Friday, March 27, 2009

COPS Students - IJPP Publication

OSU COPS graduate students (Heather LaMarre, Kristen Landreville, and Michael Beam) had their work, "The Irony of Satire: Political Ideology and the Motivation to See What You Want to See in The Colbert Report," published in the International Journal of Press/Politics. Congrats!

Reference:

LaMarre, H. L., Landreville, K. D., & Beam, M. A. (2009). The irony of satire: Political ideology and the motivation to see what you want to see in The Colbert Report. International Journal of Press/Politics, 14, 212-231.

Thursday, March 26, 2009

Recent COPS Graduates Publish Lead Article in JOBEM

Recent OSU Ph.D. graduates and COPS members Lindsay Hoffman and Tiffany Thomson have the lead article in the current issue of Journal of Broadcasting & Electronic Media. Their article, based on data gathered as part of the Kids Voting Central Ohio research project, is titled "The Effect of Television Viewing on Adolescents' Civic Participation: Political Efficacy as a Mediating Mechanism."

Wednesday, March 11, 2009

Shen Gets Sole-Authored Comm Theory publication, job offer

Congratulations to Fei "Chris" Shen, who in the past week or so has received both an academic job offer and a sole-authored manuscript (based on the theory section of his dissertation) accepted for publication in Communication Theory ("An economic theory of political communication effects: How the economy conditions political learning").
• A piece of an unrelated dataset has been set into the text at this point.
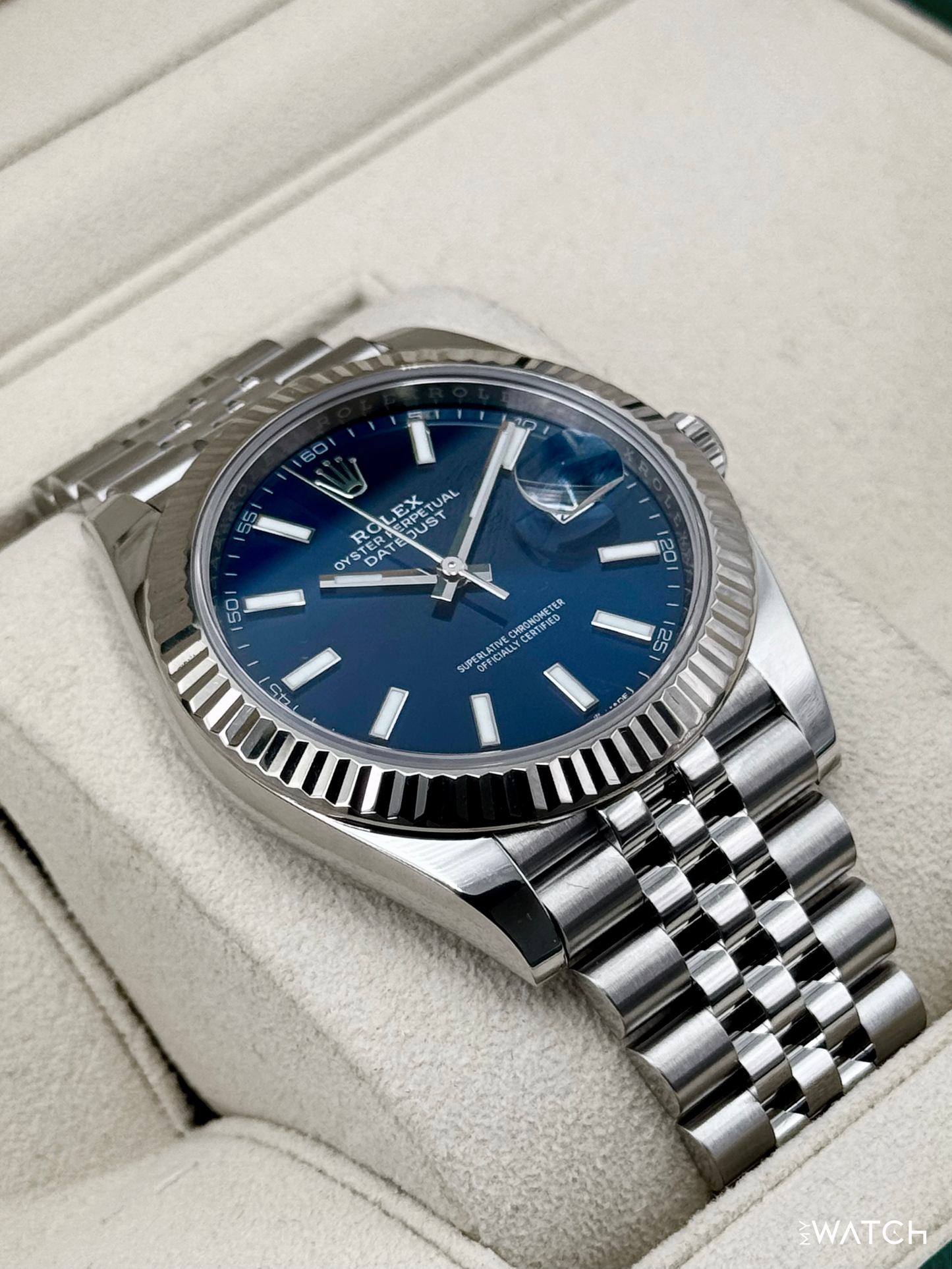 2023 Rolex Datejust 41mm 126334 Stainless Steel Jubilee Blue Dial - MyWatchLLC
Chris has accepted a job offer as assistant profesor at the City University of Hong Kong. Tell Chris "congrats" when you see him lurking the halls...

Tuesday, March 03, 2009

OSU COPS in Communication Research and Political Communication

The new issue of Communication Research is out, and in it 4 of the 6 articles are authored or co-authored by School of Communication faculty. Two of those four articles are particularly relevant to COPS and were written by COPS members. Lance, Heather, and Kristen co-authored the first, "Fanning the flames of a Partisan Divide: Debate Viewing, Vote Choice, and Perceptions of Vote Count Accuracy." The other is by Young Mie: "Issue Publics in the New Information Environment: Selectivity, Domain Specificity, and Extremity."

Meanwhile, over in the current issue of Political Communication -- a special issue on communication and political socialization -- we have two articles by COPS members. First, Myiah and I authored "Contextual Antecedents and Political Consequences of Adolescent Political Discussion, Discussion Elaboration, and Network Diversity." And, Carroll Glynn, Mike Huge, and Carole Lunney authored "The Influence of Perceived Social Norms on College Students' Intention to Vote."

Congrats to all the COPS members keeping our journals full of interesting and high quality research!